- MATERIAL PROVIDED -
--- START ---
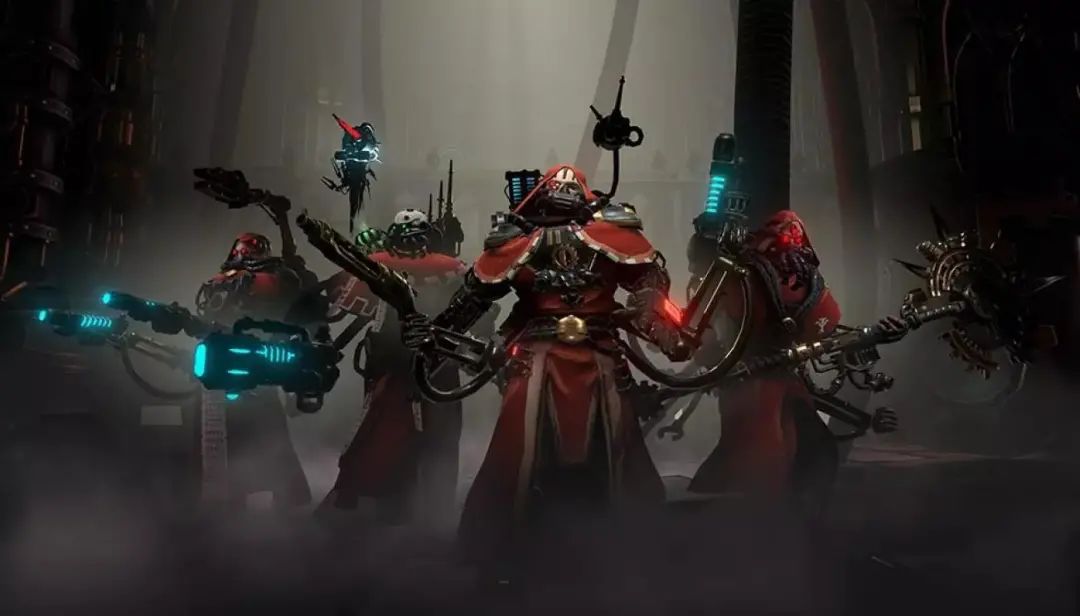【手游推荐】战锤40K:机械神教,中文完整版,直装直玩!游戏攻略_手游下载 第1张 【手游推荐】战锤40K:机械神教,中文完整版,直装直玩!游戏攻略_手游下载 第1张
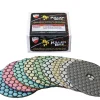 RTC Killer Bee 4-Inch Dry Diamond Polishing Pads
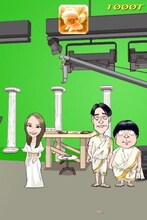 「バナナマンの神アプリ＠」（テレビ東京系）と探偵社MRのコラボアプリ「神探偵MR#001～消えた女神を探せ～」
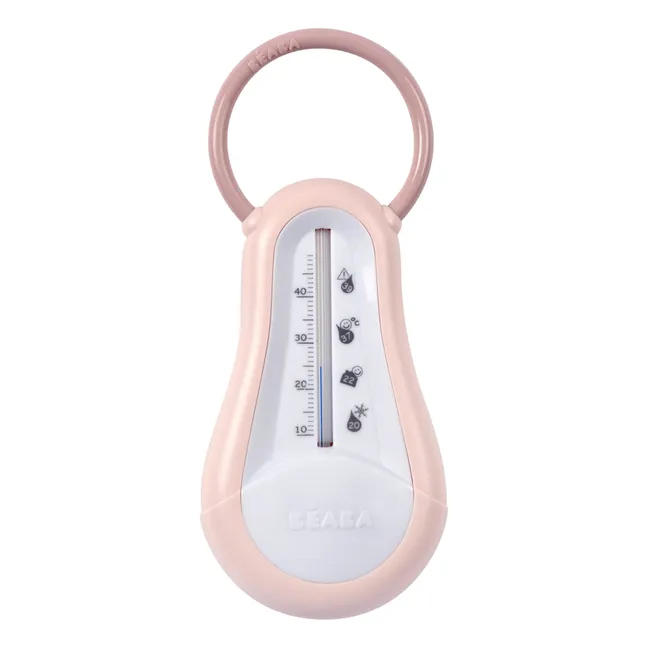 Digital Bath Thermometer | Dusty Pink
--- END ---
Give back the material word for word, leaving out its pictures.

【手游推荐】战锤40K:机械神教,中文完整版,直装直玩!游戏攻略_手游下载 第1张 【手游推荐】战锤40K:机械神教,中文完整版,直装直玩!游戏攻略_手游下载 第1张
 RTC Killer Bee 4-Inch Dry Diamond Polishing Pads
 「バナナマンの神アプリ＠」（テレビ東京系）と探偵社MRのコラボアプリ「神探偵MR#001～消えた女神を探せ～」
 Digital Bath Thermometer | Dusty Pink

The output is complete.